Some people are put off by the whole water intake thing - "Eighty ounces - Oh my God, I can't possibly do that - I'd have to put my office in the bathroom because I would always be in there, blah blah blah..." I can understand some of that because I seem to have a bladder the size of a peanut. When I am doing the water thing, I pee a lot. However, there are some creative ways to deal with all the peeing, one of which I will share with you right now, because I know you are DYING to have my amazing and endlessly interesting insight.

Upon waking up in the morning, I almost always feel fuzzy-headed and my eyelids are so heavy sometimes I need to physically lift them with my fingers to see my way to the bathroom. I stagger down the hall (even my balance is impaired by my semi-comatose state) and feel my way into the bathroom, turning on the shower, my only hope for true consciousness. Before getting in, however, I fill a 34 ounce water bottle with tepid, not cold, water. I bring that bottle into the shower with me and take a long drink - several big gulps. Set it down, wash my hair, rinse. Another big long drink. Set it down, wash my face. Another big long drink. Set it down, wash the body, rinse. Another big long drink. Done with shower, done with almost half of my water intake for the day. I only need drink one more of those over the course of the day and a twelve ounce diet soda and I am SO done.

The benefits of this Water In the Shower Ritual (I am all about rituals today, aren't I?): First of all, I am having a major accomplishment only moments after waking - does it get more positive than that?

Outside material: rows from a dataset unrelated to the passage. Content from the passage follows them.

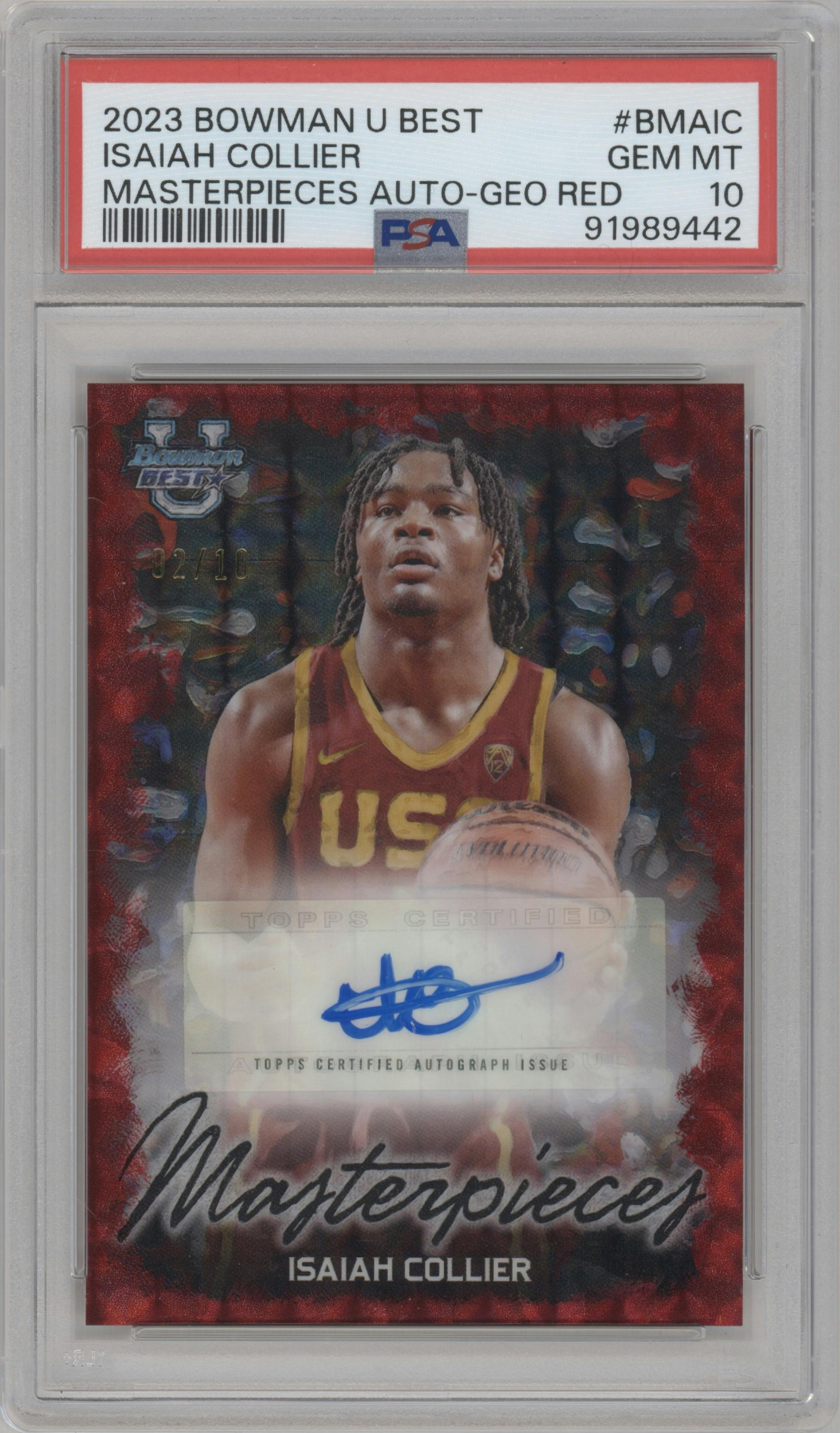 Isiah Collier from the 2023-24 Bowman Best University set featuring a Geometric Red Refractor parallel graded by PSA and given an overall grade of 10.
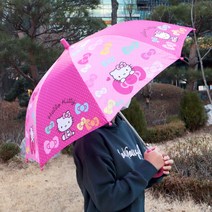헬로키티 우산 키즈 아동 초등 저학년 유치원 어린이 여자 아이 자동 지팡이 장우산 53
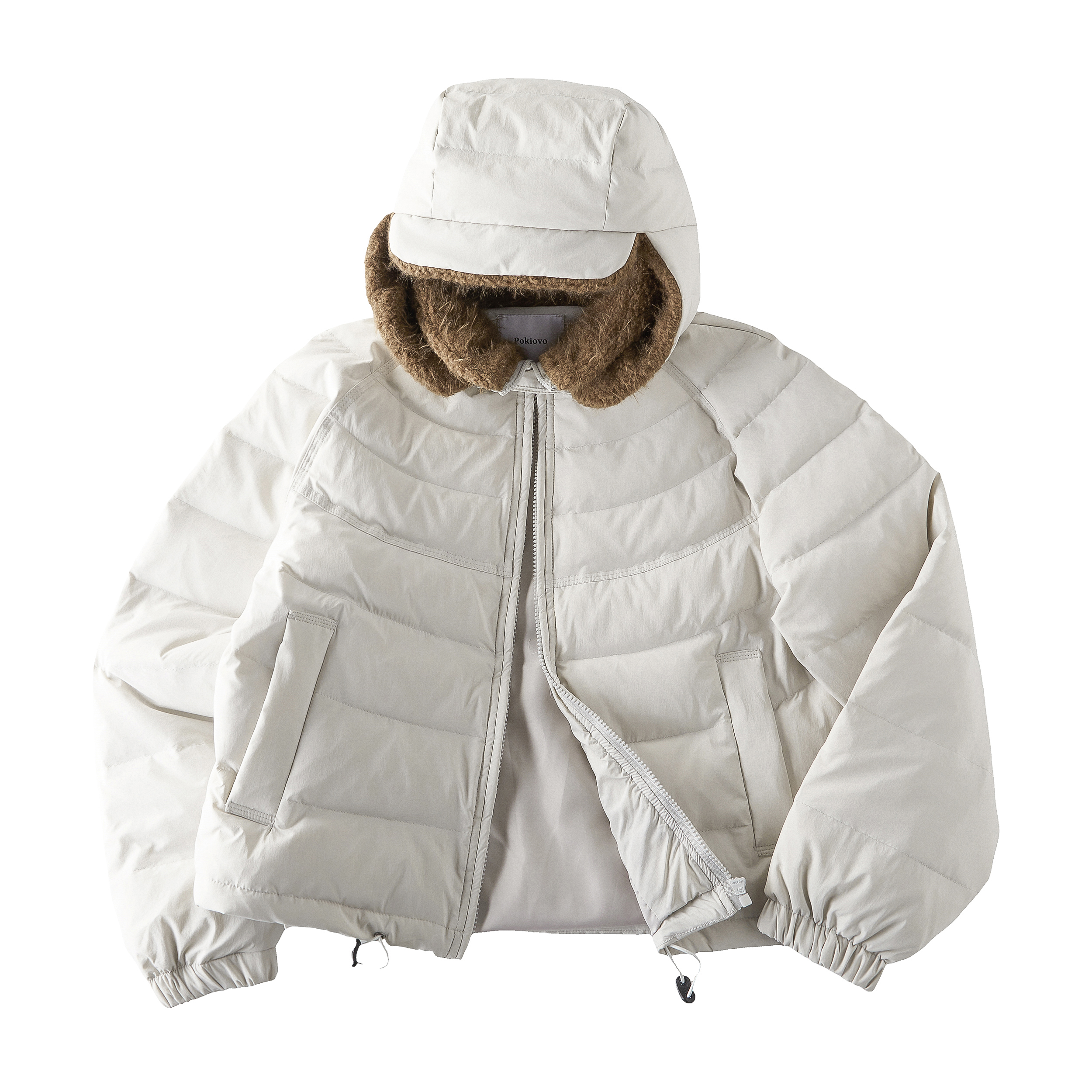 Focus StormPlush Contrast Large Lapel Ribbed Down Jacket Women's Warm Padded Coat (with Detachable Hood) R7092# zx - Focus Storm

Second, I will have at least an hour or more in my house to begin the pee release but for some reason, the peeing isn't too terribly bad - perhaps because of the all night drought. (I kind of imagine the water entering my body and my body seeping it up like a big sponge). In any event, peeing in the comfort of my home is always nice and I generally get to work having to pee but then I am not running back and forth to the bathroom as much as I would if I drank all that water that quickly AT work later in the day. Finally, the very best benefit of Water In the Shower - it totally wakes you up. It's better than coffee in that way. Betcha didn't know that, did ya? Mmm hmm. My eyelids are fully lifted by the time I exit my bathroom and begin my day.

Today's weight: 165.2
Today's exercise: Nordic track most likely - it's too cold to take the baby in the jogger!
Song of the Day: Would Not Come - Alanis Morrisette (Where is she now?)